## [DATASET CONTENT]
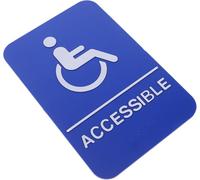 Ada Wheelchair Accessible Braille Door Sign, Self-Adhesive Disability Restroom Label, Unisex Bathroom Entrance Sign for Business and Public Spaces Dexterous and Professional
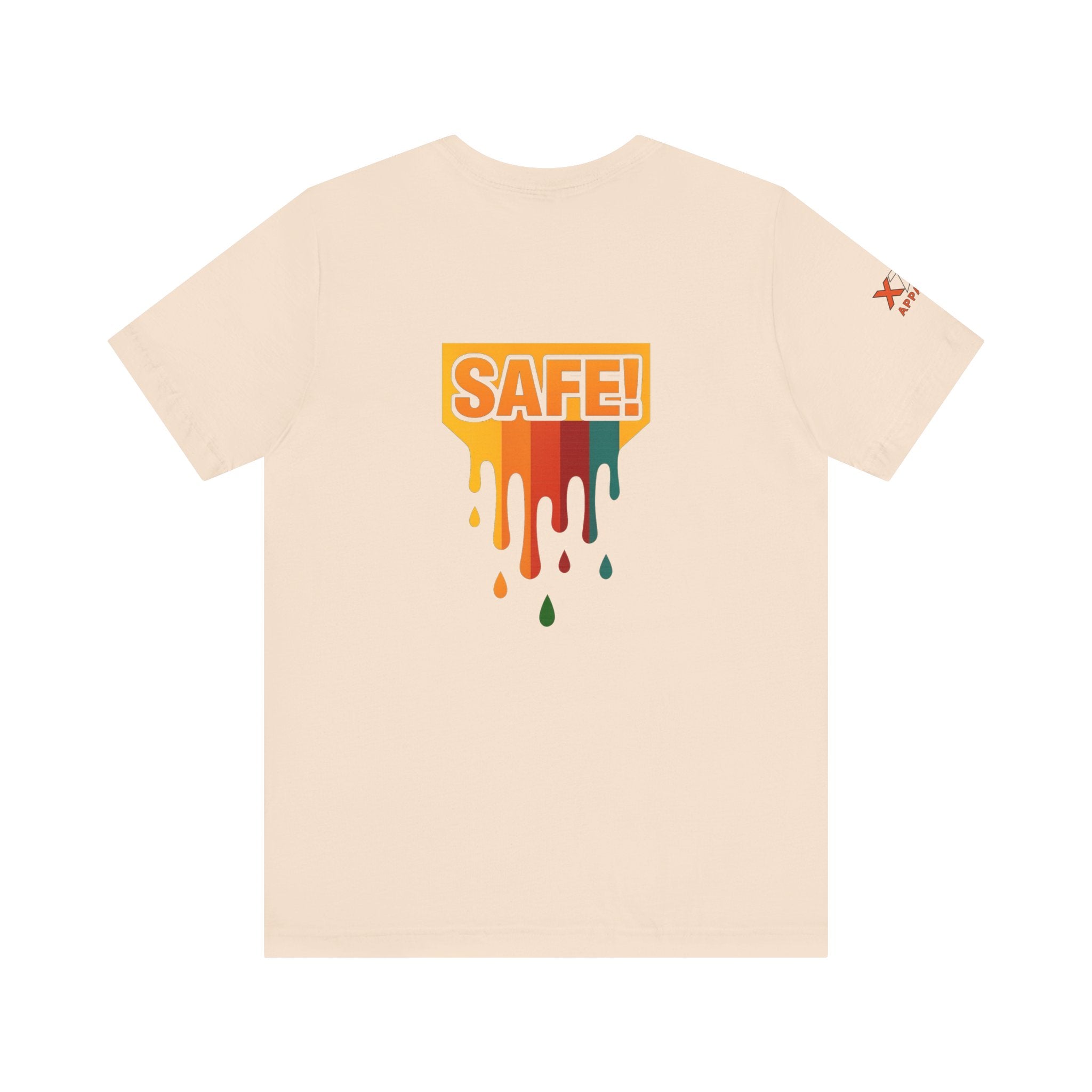 SAFE Drippy Unisex Jersey Tee for Casual Wear, Comfortable T-Shirt, Streetwear, Gift for Friends, Art Enthusiasts, Summer Style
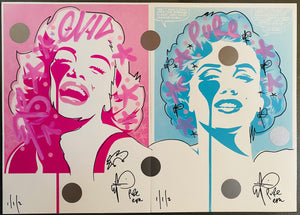 I scream, you scream, we all scream for Marilyn Diptych prints - *Starring in* Silver Surfer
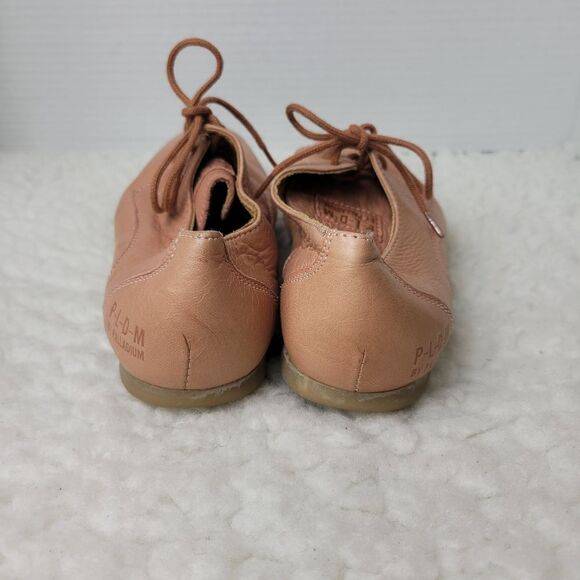 P-L-D-M By Palladium Womens Size 7.5 Oxford Lace Up Light Pink Leather Sneaker - Picture 4 of 9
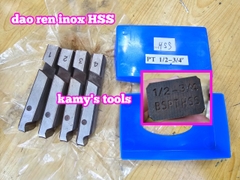 Dao tiện ren ống inox HSS Long Shun 1/2-3/4, 1-2, 2 1/2-3, 2 1/2-4 inch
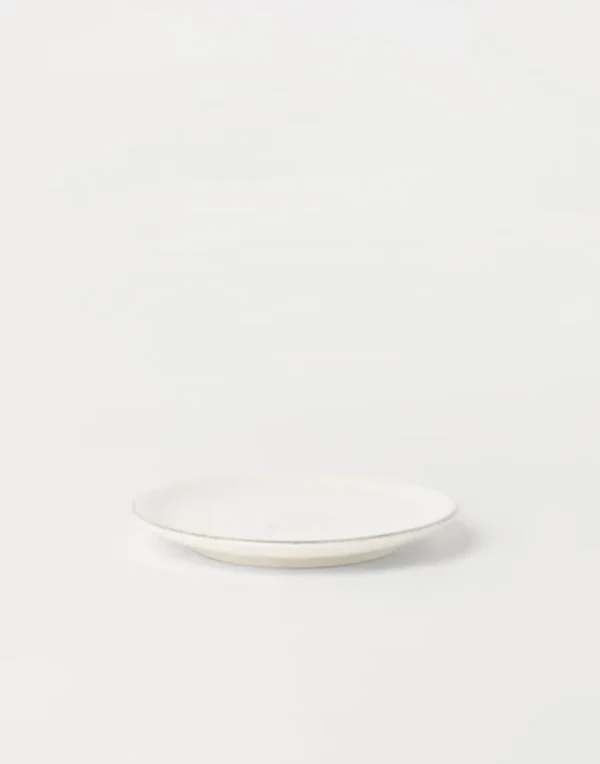 Tradition ceramic saucer with logo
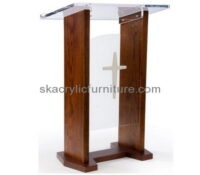 Best furniture manufacturers customized lucite acrylic podium furniture AP-524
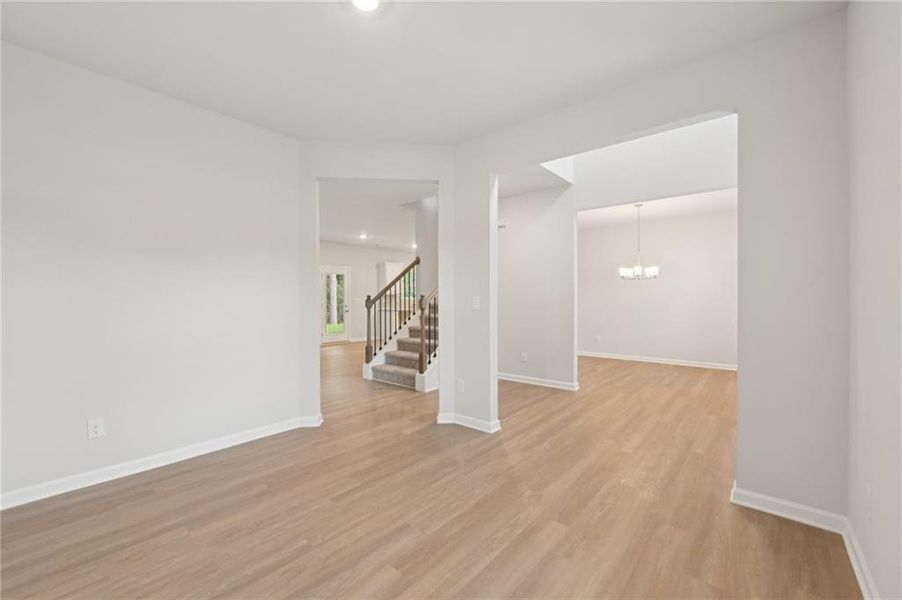 Spacious, unfurnished interior of a new home in Stephen's Landing, Loganville (Image 43).
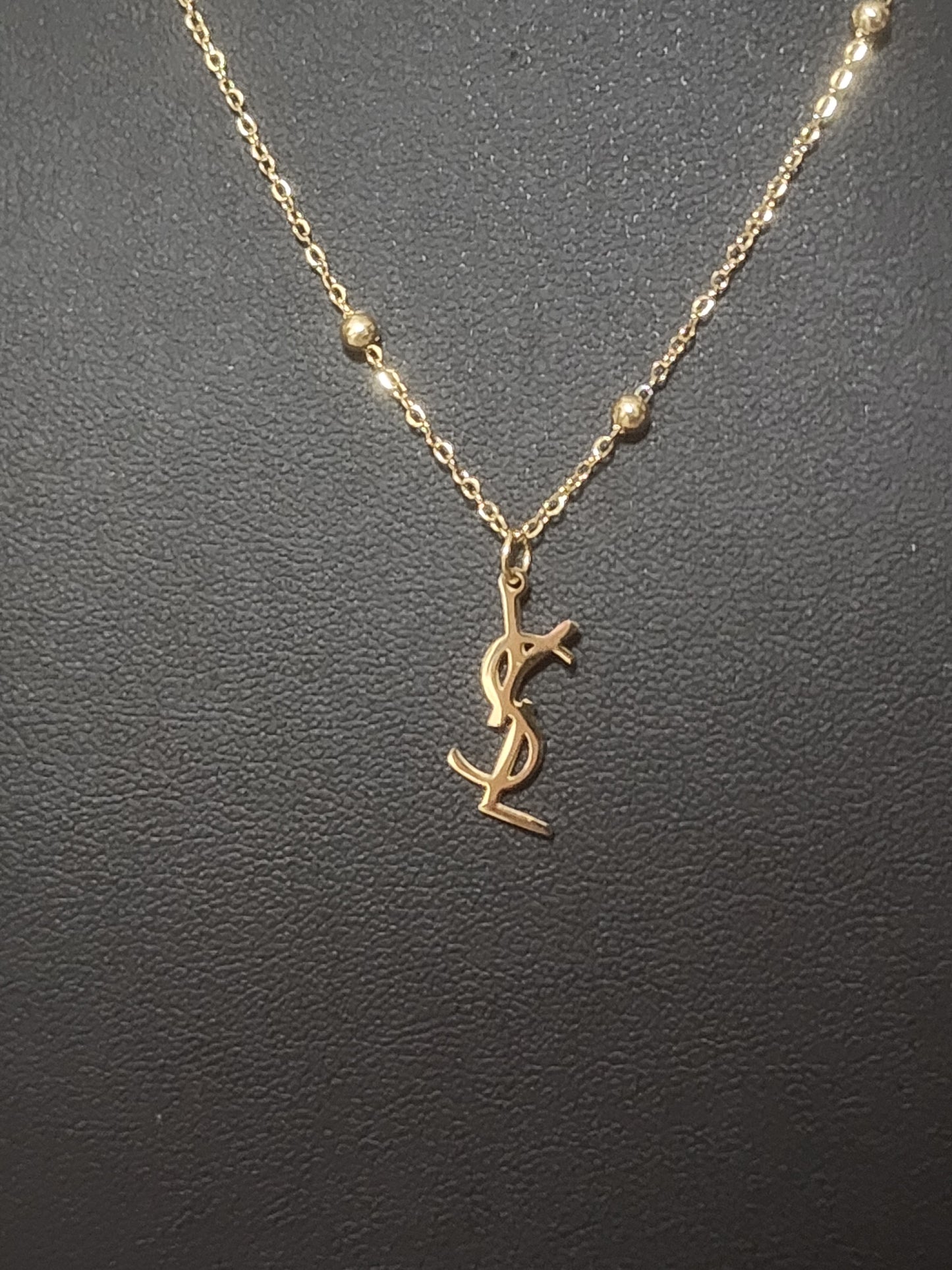 Inspired Gold Stainless Steel Necklace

## [REQUIRED ACTION]
None of the pictures belong in the result. Print exactly the lines from the one containing "Best furniture manufacturers" through the final line of the entries.

## [ANSWER SECTION]
 Best furniture manufacturers customized lucite acrylic podium furniture AP-524
 Spacious, unfurnished interior of a new home in Stephen's Landing, Loganville (Image 43).
 Inspired Gold Stainless Steel Necklace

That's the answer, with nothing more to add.